**Available data:**
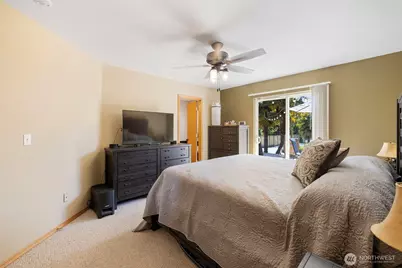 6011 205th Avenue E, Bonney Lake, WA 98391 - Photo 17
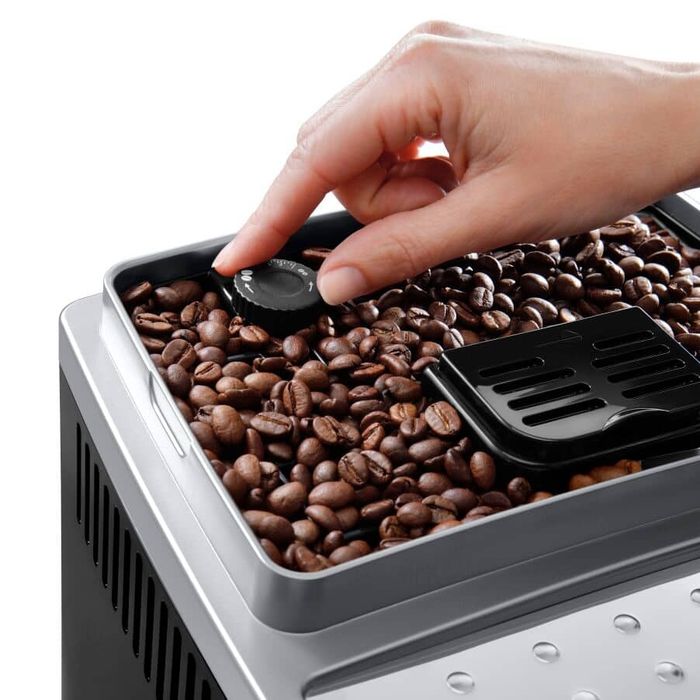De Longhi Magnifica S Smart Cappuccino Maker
---
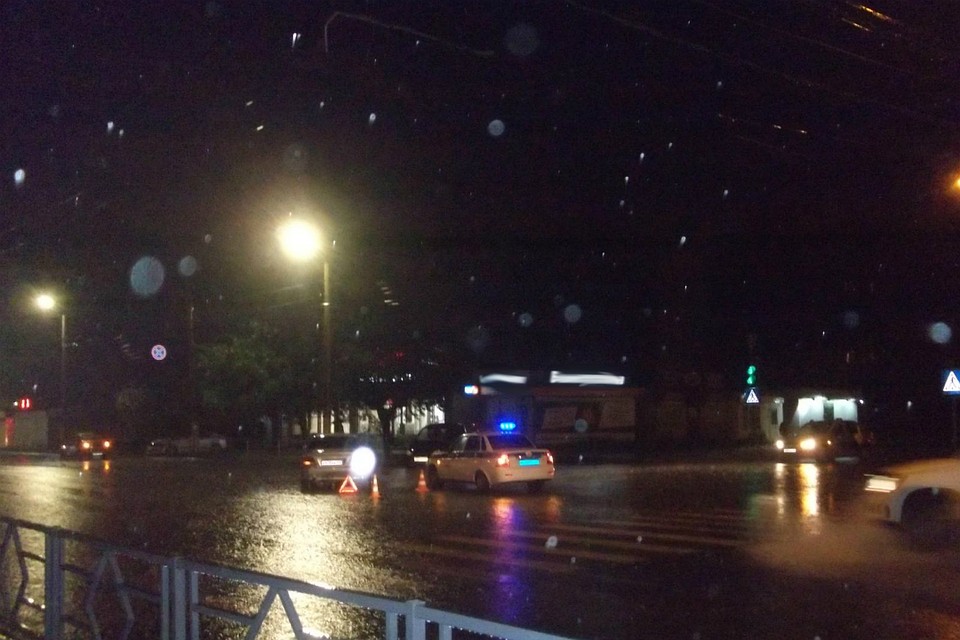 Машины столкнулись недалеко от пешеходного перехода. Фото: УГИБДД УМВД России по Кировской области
...
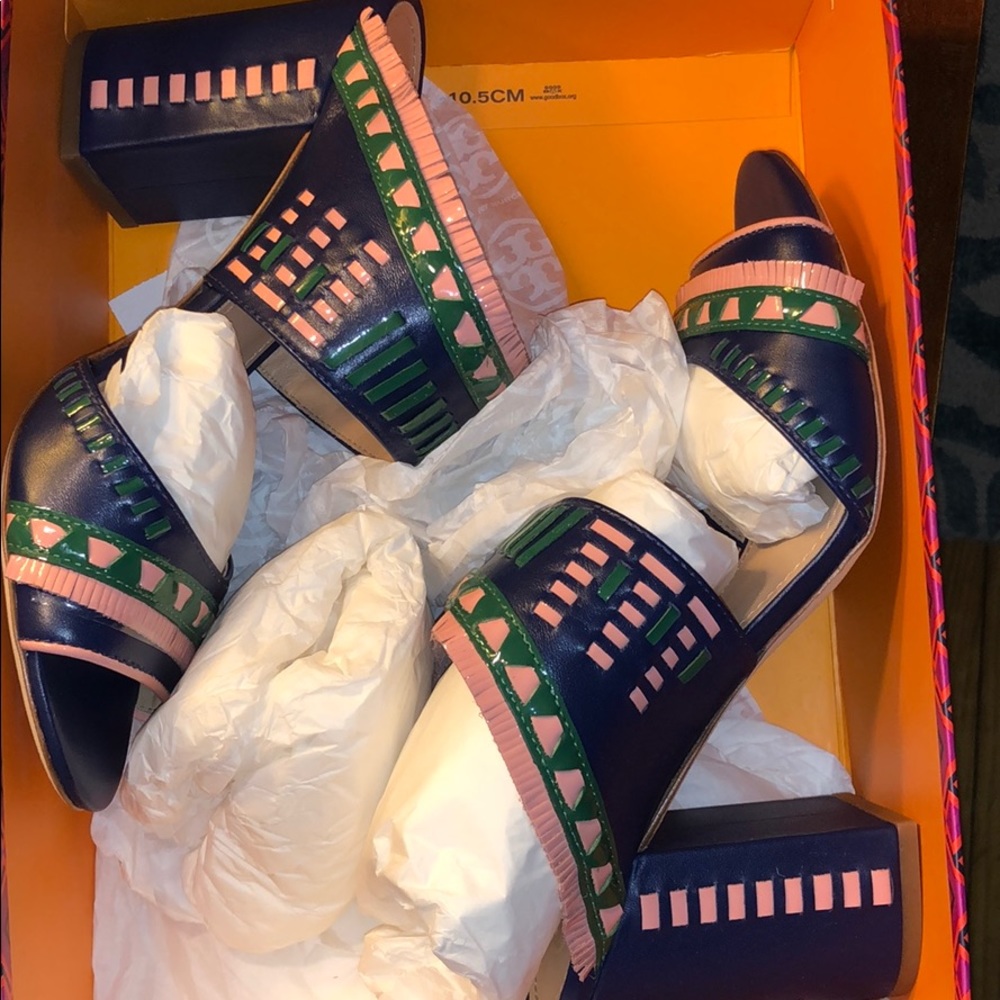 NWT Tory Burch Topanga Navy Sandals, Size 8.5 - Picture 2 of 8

**Aim of the exercise:**
The expected output is the lines above from the one containing "6011 205th Avenue" to the one containing "De Longhi Magnifica S Smart Cappuccino Maker", both ends included, reproduced exactly with every picture left out.

**Expected answer:**
 6011 205th Avenue E, Bonney Lake, WA 98391 - Photo 17
De Longhi Magnifica S Smart Cappuccino Maker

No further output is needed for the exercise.